This week, Mpls.St.Paul Magazine's Dara Moskowitz Grumdahl gives Chef Shack Ranch—the Chef Shack brick n' mortar in Seward—a glowing review. "It's fantastic!" she writes. She brings up how "truck-like" the restaurant is a number of times, though that's not necessarily a bad thing:
· "Basically, it's the truck—with a roof! I mean it. It's exactly like going to the truck, only there's a roof over your head and you have the option to sit at a table that's little better than a picnic table, but the prices stayed truck prices, so that seems fair. There is a little more than the truck had: There's also the option to buy good, inexpensive beer or wine, for instance. But the rest is very truck-like."
· "After you order, you get a number and someone runs the food to you at one of the 20-odd tables (different from the truck!)."
· "But even with that it can still feel like you're dealing with the chaos of the truck..."
· "Chef Shack's grub remains, as far as a truck by the side of the road with a roof goes, spectacular."
· "Which is to say that the most surprising thing about the new Chef Shack Ranch is not how good this truck-food spot with a roof is, but how good it has always been, and how it got to be that way."
Also at Mpls.St.Paul Magazine, Stephanie March heads over to The Mill NE the Northeast reworking of the old Mill City Cafe. "Dinner is where the risks are taken," she writes, with some of those risks paying off and others not so much. Order: "playful, complex dishes such as the delicate and nutty octopus confit touched with Indian spices over taro root mash" or the "irreverent jumble of seafood that includes scallops and crisp squid with blistered shishito peppers and squid ink crème fraîche." Skip: "plates that just reach too far, such as the duck and lobster potstickers."

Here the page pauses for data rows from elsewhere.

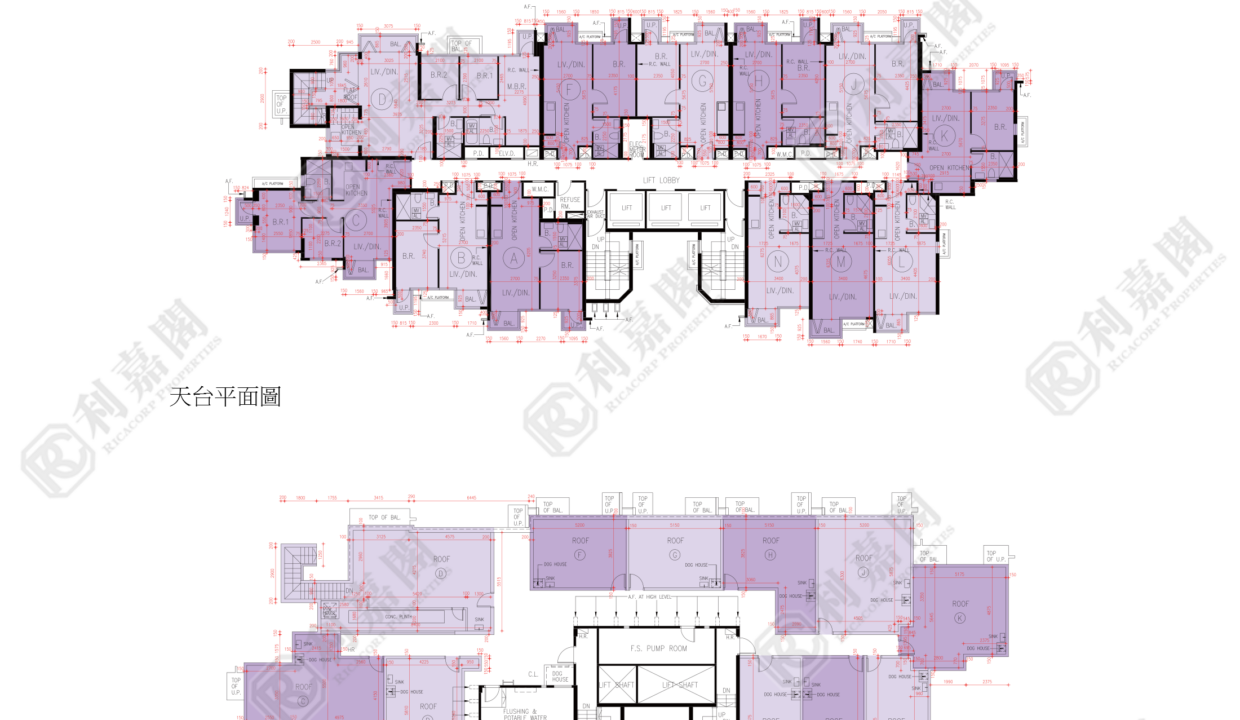 72789_2000_Ricacorp.png
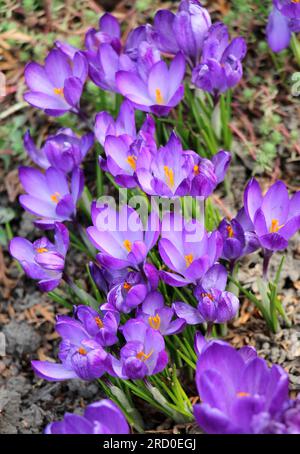 In nature, garden crocuses bloom in the flowerbed in spring Stock Photo
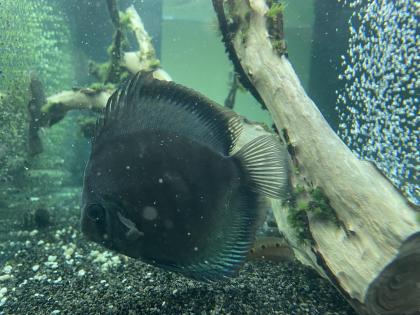 Diskusfische / Aquariumauflösung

Finally, City Pages' Emily Weiss pays a visit to the new Day Block Brewing Company. The review mostly covers the quirky history behind the brewpub (web development team on top floor of building decides to follow brewpub dream), Weiss also looks at the pizza side of the menu. The Hungry Hungarian is a favorite: "made with crumbles of sausage and smoky Hungarian bacon, a sour cream spread with loads of dill in place of the usual tomato sauce, dots of mild ricotta, and thick semi-circles of pickled onion to set the whole thing off." The vegetarian pizza is only "so-so." And while Weiss samples the pickle flight, she only mentions the corresponding bacon flight in passing ("there's also a flight of bacon if you dare"), leaving it an ongoing mystery.